Peter Kacsuk is the Director of the Laboratory of the Parallel and Distributed Systems in the Computer and Automation Research Institute of the Hungarian Academy of Sciences. He received his M.Sc. and university doctorate degrees from the Technical University of Budapest in 1976 and 1984, respectively. He received the kandidat degree (equivalent to Ph.D.) from the Hungarian Academy in 1989. He habilitated at the University of Vienna in 1997. He received his professor title from the Hungarian President in 1999 and the Doctor of Academy degree (D.Sc.) from the Hungarian Academy of Sciences in 2001. He served as full professor at the University of Miskolc and at the EötvösLóránd University of Science Budapest. He has been a part-time full professor at the Cavendish School of Computer Science of the University of Westminster. He has published two books, two lecture notes and more than 250 scientific papers on parallel computer architectures, parallel software engineering and Grid computing. He is a co-editorin-chief of the Journal of Grid Computing published by Springer.

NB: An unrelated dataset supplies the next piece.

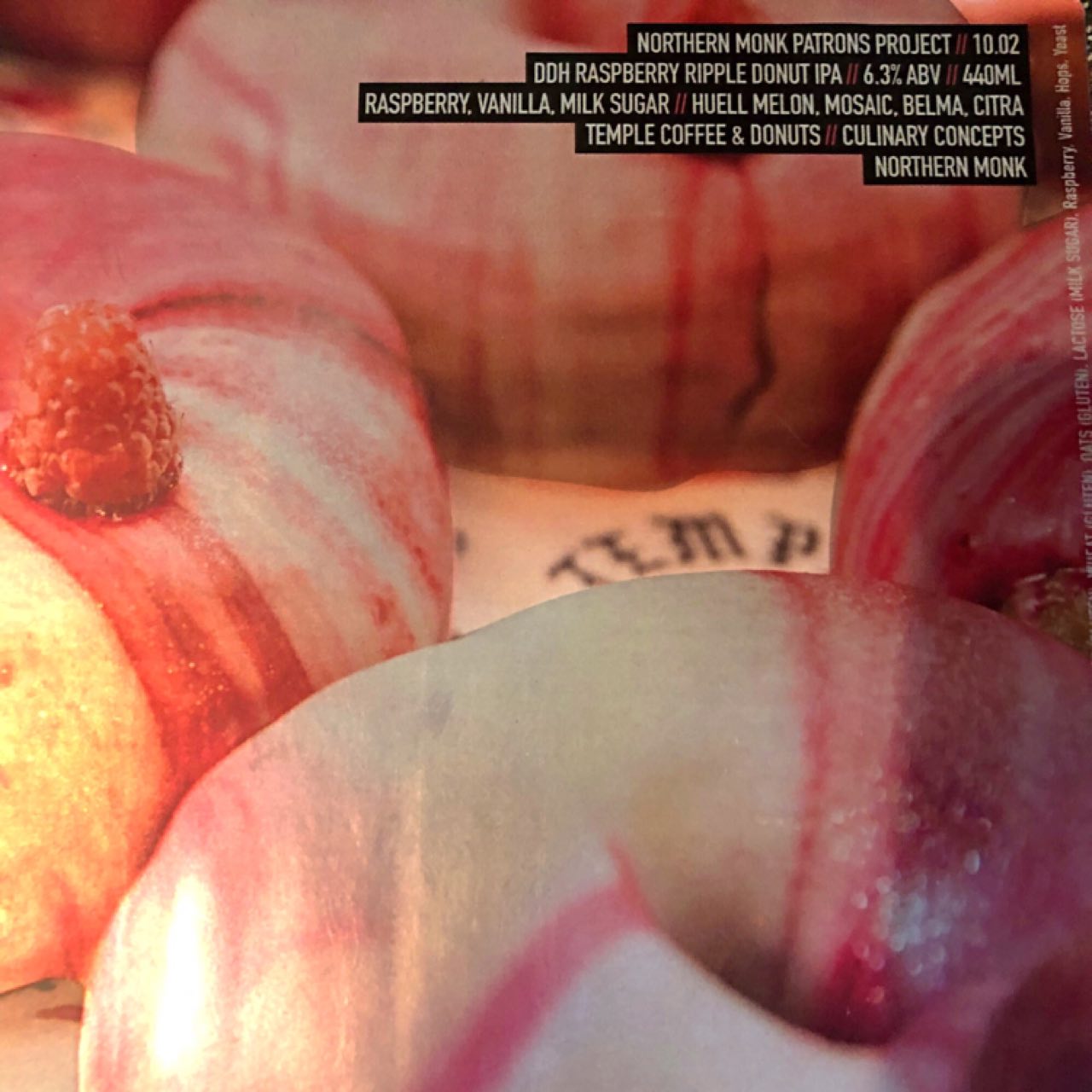 Patrons Project 10.02 Raspberry Ripple Donut IPA, England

Akos Balasko is working as a Research Fellow at the Laboratory of Parallel and Distributed Systems at the Computer and Automation Research Institute of the Hungarian Academy of Sciences from 2007, where he is a developer team member of WS-PGRADE Portal. He received M.Sc. degree from EötvösLóránd University of Sciences in 2008 in Computer Science, Systems and Software Engineering. Currently he is a Ph.D. student in the same institute. Main part of his profile is design and implement web-based interfaces for using distributed, grid and cloud systems, release management, and support scientific communities.

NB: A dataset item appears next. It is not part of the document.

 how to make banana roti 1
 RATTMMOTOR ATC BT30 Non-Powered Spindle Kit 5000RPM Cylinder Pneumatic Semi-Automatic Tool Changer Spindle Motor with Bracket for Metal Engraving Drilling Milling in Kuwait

Gabor Terstyanszky is a professor at the School of Electronics and Computer Science, University of Westminster. He obtained M.Sc. and Ph.D. degree in Computer Science. Currently, he leads the Centre of the Parallel Computing at the University of Westminster. His research interest covers distributed and parallel computing. He made significant contributions to solving Distributed Computing Infrastructure and workflow interoperability. He was involved in several FP5 (WinPar), FP6 (ePerspace) and FP7 (EDGeS, DEGISCO, EDGI, SCI-BUS, SHIWA) research projects that address challenges of distributed and parallel computing, particularly infrastructure and workflow interoperability. He is the author and co-author of more than 100 hundred conference and journal papers and several book chapters. He was invited to Programme Committees of several major European and world conferences.

Zoltan Farkas has been a research fellow at the Laboratory of the Parallel and Distributed Systems in the Computer and Automation Research Institute of the Hungarian Academy of Sciences since 2002. He received his M.Sc. and Ph.D. from the Eotvos Lorand Science University of Budapest in 2004 and 2013, respectively. His research interests include grid computing, interoperability solutions, using standards and portal technologies. Within the Enabling Desktop Grids for e-Science (EDGeS) project he has created the core component of the grid interoperability solution, the 3G Bridge. Currently he is heading the portal team at MTA SZTAKI LPDS. He is a coauthor in more than 30 scientific papers in journals and conference proceedings on grid computing.